[Opening TASK DATA section]

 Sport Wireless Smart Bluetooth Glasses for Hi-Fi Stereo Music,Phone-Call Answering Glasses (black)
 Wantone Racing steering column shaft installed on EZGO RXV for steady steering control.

[Closing TASK DATA section]
[Opening TASK DATA section]

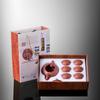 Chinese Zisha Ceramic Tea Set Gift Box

[Closing TASK DATA section]

With the line holding "Sport Wireless Smart" as the first and the line holding "Wantone Racing steering" as the last, please transcribe exactly the lines of the material above in that range and nothing else.

> _RESPONSE AREA_:
 Sport Wireless Smart Bluetooth Glasses for Hi-Fi Stereo Music,Phone-Call Answering Glasses (black)
 Wantone Racing steering column shaft installed on EZGO RXV for steady steering control.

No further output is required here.